Conceived two months ago by six young designers and artists, the project has reached out to the common people engaging them in wall art in pockets across the capital.
“The Wall Project has 600 members on Facebook. The idea behind the project is to make art more accessible, proactive, easily identifiable and functional. We hope to sustain it for a year,” designer Inahita Singh, another founder-member of the project, told IANS.
Last Sunday, the Wall Project joined ranks with another ongoing project, the Genda Phool (Marigold) Project, to paint the walls of the Ladosarai village - dotted with boutique art galleries and furniture houses - in hues of marigold and themes woven around the flower that grows in abundance in India.
More than 50 residents of Ladosarai braved the lashing rain to clean stained expanses of walls in the dingy neighbourhood. They used the clean swathes to draw marigold bouquets, gardens full of bright yellow flowers and flower fights in oil paints, acrylic and wall pigments.
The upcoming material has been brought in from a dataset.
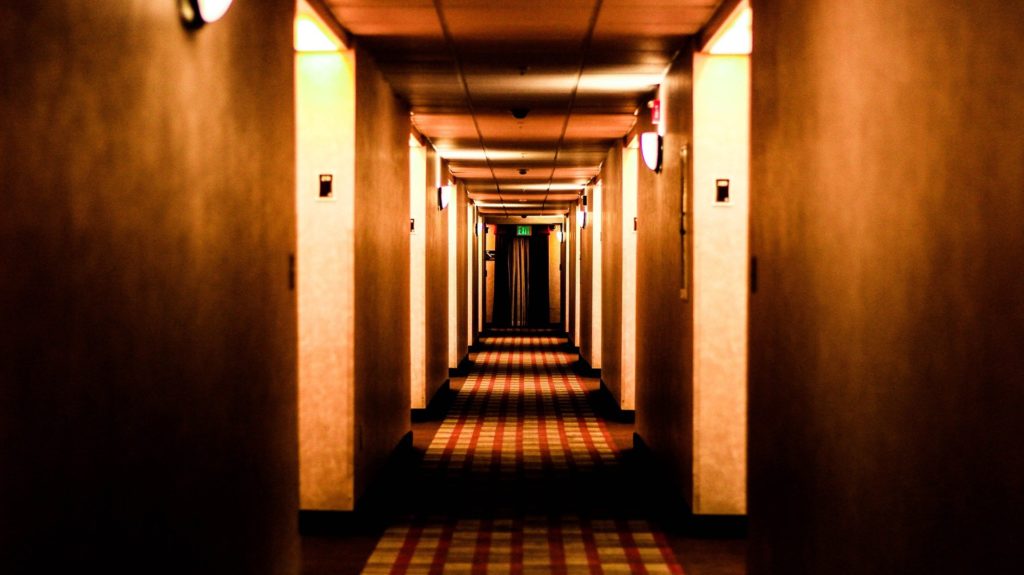 Photo Hotel Hallway Gloomy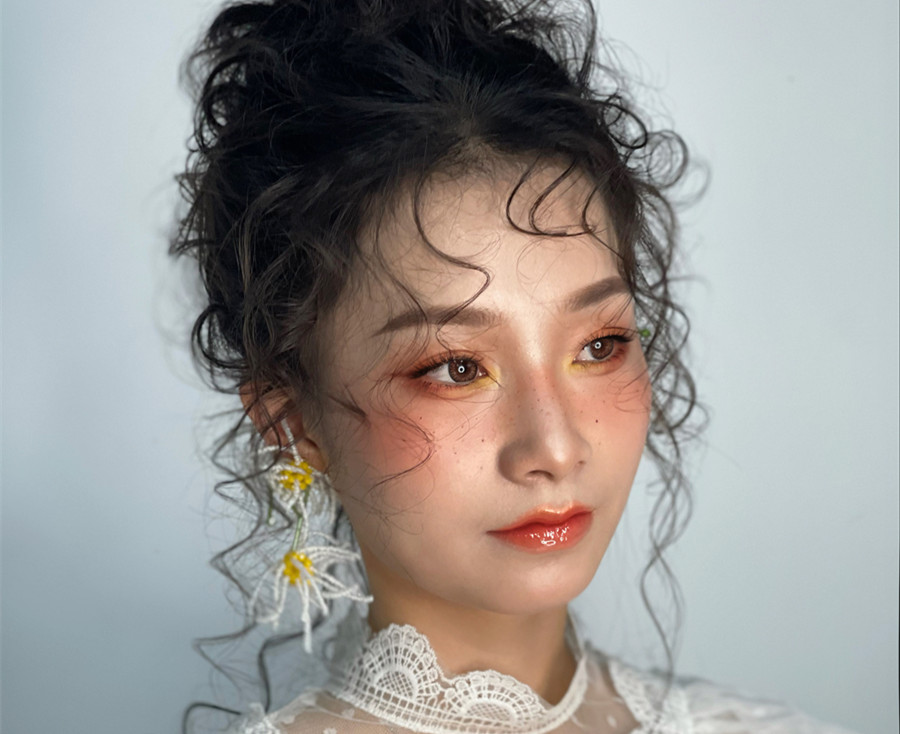 日系風(fēng)尚新娘，廣西新娘造型彩妝學(xué)校作品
Red Earth, a eco-conservation forum, has conceived and curated the marigold project.
“We started the Genda Phool in March on Holi to celebrate the glory of the marigold blossom through art, nursery walks and plantation projects. One of the objectives is to raise opinion against the relocation of the capital’s three oldest flower markets at Mehrauli, Connaught Place and Khari Baoli.
“A move is afoot to relocate them to Ghazipur on the outskirts of the capital,” Himanshu Verma of Red Earth, project founder, said. “We might mount a legal campaign later to stave off the relocation.”
Verma, a designer and curator by profession, has brought the project under the umbrella of the Red Earth Annual Monsoon Festival that began Aug 12 for greater impact.
“The project and the festival will culminate into an art exhibition at gallery Latitude 28 in Ladosarai themed on marigold Sep 2 to celebrate the birthday of Lord Krishna on Janmashtami,” Verma said.
The exhibition will be accompanied by several events centred on the flower in venues across the capital. Verma and his group of six volunteers dress in shades of saffron, yellow and burgundy to represent the spirit of the marigold.
The leitmotif of their campaign is an eco-friendly “genda” art cart - a designer push
cart that hawks marigold merchandise, accessories, clothes, floral extracts, genda art, dry flowers and seeds.
“Marigold is the most popular floral variety sold in Delhi’s flower markets,” Verma said. He said the project aims to accomplish the bulk of its objective before Oct 3, the day the Games begin.
The historic Khari Baoli and Mehrauli markets dating back to more than a century ago are essentially marigold and rose marts. They source flowers from the length and breadth of the country for commercial and domestic use.
Nearly 52 varieties of marigolds are grown in India. A rough estimate says marigold in India is cultivated on more than 65,000 hectares of land.